= Heart in Oregon =

Heart in Oregon is an emblem that symbolizes Oregonians’ love for their home state. It consists of a green heart, surrounded by a black border shaped as the state of Oregon. The Oregonian wrote, "Chris Bucci has launched a one-man enterprise out of his love of Oregon — stickers with green hearts".

Launched in 2003 as a bumper sticker, and inspired by the famous I ♥ NY symbol, the sticker was originally rectangular in shape and the heart in the design was red. After experimenting with different sizes and colors, the sticker took its present form using a green heart, and it then achieved success.
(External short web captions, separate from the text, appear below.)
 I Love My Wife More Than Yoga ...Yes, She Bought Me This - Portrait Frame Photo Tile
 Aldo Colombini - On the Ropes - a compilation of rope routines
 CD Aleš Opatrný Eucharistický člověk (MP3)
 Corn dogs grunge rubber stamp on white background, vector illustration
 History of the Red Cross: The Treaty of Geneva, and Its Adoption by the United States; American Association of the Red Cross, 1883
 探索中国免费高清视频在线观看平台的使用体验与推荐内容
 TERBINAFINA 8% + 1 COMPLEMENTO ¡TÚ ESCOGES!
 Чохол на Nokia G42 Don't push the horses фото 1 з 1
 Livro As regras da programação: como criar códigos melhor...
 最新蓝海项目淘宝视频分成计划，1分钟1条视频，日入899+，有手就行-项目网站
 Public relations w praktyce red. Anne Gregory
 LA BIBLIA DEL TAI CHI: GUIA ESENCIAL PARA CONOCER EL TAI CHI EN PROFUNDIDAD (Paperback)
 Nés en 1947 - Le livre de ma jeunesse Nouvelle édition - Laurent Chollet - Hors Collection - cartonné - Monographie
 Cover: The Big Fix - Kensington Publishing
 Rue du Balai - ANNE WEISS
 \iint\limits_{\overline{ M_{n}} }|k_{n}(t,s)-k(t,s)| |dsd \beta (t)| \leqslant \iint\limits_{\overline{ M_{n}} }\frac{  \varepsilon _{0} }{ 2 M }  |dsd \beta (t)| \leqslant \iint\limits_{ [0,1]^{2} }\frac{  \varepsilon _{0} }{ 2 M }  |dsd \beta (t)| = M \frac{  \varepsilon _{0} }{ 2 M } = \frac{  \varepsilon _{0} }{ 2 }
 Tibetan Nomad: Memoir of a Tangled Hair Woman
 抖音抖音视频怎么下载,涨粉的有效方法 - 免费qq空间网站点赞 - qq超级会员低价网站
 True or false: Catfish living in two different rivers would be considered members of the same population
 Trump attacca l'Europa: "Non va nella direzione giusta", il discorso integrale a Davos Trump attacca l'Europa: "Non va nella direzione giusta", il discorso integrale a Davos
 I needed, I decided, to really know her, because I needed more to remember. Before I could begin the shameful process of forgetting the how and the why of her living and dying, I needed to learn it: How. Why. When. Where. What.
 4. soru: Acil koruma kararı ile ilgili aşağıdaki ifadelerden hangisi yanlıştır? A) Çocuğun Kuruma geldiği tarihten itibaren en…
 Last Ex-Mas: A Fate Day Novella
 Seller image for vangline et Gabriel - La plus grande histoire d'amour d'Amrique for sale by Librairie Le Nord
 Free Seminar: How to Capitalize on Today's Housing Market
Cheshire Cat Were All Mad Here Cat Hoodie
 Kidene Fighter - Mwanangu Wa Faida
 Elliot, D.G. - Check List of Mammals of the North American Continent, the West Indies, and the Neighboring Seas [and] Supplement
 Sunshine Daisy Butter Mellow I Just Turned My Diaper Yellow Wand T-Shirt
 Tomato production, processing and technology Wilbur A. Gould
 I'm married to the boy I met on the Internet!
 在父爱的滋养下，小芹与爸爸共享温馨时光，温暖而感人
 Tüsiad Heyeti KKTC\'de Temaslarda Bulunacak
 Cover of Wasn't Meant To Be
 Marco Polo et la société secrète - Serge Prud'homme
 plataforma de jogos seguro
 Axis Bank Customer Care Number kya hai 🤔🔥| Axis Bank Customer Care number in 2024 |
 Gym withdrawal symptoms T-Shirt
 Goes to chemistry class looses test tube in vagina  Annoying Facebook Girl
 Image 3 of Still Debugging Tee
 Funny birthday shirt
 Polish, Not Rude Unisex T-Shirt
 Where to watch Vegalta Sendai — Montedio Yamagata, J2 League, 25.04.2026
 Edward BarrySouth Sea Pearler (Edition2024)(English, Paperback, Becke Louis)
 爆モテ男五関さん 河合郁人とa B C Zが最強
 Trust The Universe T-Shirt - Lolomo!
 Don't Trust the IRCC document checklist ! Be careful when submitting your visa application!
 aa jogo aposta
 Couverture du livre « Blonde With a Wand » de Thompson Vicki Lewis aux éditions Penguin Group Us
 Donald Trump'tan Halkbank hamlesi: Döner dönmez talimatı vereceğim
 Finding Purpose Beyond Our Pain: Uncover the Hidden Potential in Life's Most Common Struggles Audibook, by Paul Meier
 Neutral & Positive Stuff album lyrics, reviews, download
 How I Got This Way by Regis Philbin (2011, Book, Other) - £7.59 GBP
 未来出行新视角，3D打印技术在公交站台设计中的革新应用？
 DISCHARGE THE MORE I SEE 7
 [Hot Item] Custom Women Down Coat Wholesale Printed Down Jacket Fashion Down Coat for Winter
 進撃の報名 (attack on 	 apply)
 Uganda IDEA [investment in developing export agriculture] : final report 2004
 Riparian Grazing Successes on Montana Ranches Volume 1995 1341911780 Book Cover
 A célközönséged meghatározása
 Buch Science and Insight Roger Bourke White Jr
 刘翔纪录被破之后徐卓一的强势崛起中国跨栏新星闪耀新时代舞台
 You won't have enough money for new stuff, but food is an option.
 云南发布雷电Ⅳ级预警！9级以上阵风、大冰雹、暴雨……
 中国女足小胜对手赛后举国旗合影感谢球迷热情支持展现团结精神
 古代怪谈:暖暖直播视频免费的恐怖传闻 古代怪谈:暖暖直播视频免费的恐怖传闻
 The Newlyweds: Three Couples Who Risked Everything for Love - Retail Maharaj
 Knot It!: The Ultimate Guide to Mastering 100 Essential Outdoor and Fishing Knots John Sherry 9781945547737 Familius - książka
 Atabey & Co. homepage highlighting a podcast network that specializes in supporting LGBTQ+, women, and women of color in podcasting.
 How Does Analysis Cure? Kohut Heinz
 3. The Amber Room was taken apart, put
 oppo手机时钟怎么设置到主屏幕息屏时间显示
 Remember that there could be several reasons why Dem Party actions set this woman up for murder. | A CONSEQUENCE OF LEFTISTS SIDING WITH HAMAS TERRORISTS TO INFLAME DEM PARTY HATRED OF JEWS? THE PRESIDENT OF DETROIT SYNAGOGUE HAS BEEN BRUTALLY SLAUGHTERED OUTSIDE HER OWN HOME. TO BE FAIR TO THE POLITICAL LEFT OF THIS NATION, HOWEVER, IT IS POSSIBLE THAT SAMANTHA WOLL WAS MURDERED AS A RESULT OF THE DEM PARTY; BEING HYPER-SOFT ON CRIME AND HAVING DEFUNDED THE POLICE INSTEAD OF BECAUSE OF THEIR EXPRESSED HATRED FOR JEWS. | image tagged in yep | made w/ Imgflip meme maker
Described by The Portland Upside as "the Heart in Oregon sticker-turned-emblem that has popped up everywhere on auto bumpers, community news boards and skin", the newspaper noted that some people have had the emblem tattooed onto their bodies, and that over 250,000 of the stickers have been distributed.

The Democratic Party of Oregon adopted the emblem for T-shirts and buttons used at the 2008 Democratic National Convention in Denver. The emblem "reflects our shared appreciation for Oregon's beauty, entrepreneurial spirit and environmental leadership" according to the state party.

In autumn 2010, a corn maze was created in Portland, featuring the Heart in Oregon emblem.